SUPPLIED DATA START

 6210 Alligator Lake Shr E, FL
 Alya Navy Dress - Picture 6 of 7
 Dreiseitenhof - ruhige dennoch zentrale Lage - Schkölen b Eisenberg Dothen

SUPPLIED DATA END
SUPPLIED DATA START

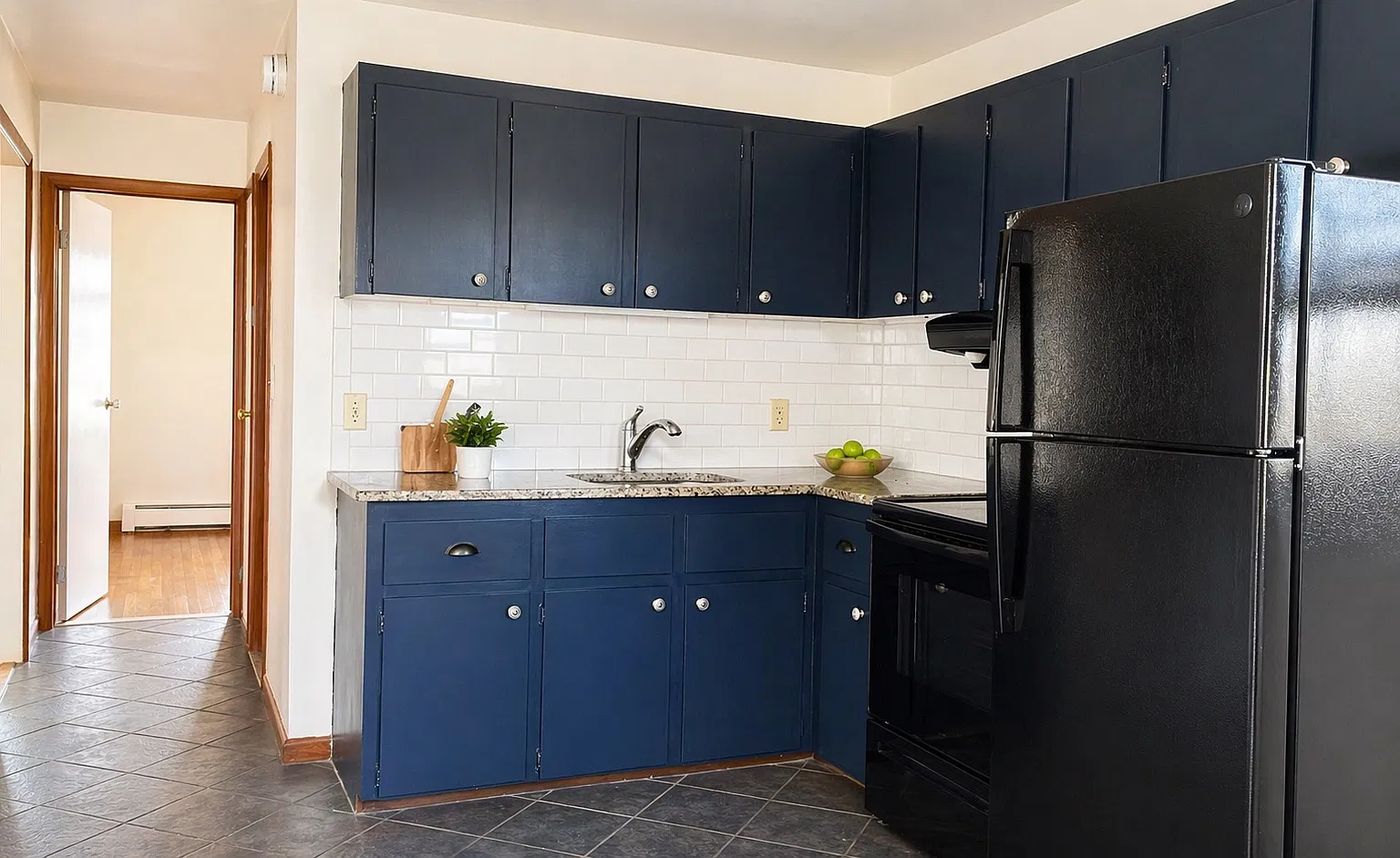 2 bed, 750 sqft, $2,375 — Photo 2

SUPPLIED DATA END

▶ _PROBLEM STATEMENT_
From the entries above, extract only the lines running from the one containing "6210 Alligator Lake Shr E, FL" through the one containing "Dreiseitenhof - ruhige", inclusive.

▶ _RESPONSE_
 6210 Alligator Lake Shr E, FL
 Alya Navy Dress - Picture 6 of 7
 Dreiseitenhof - ruhige dennoch zentrale Lage - Schkölen b Eisenberg Dothen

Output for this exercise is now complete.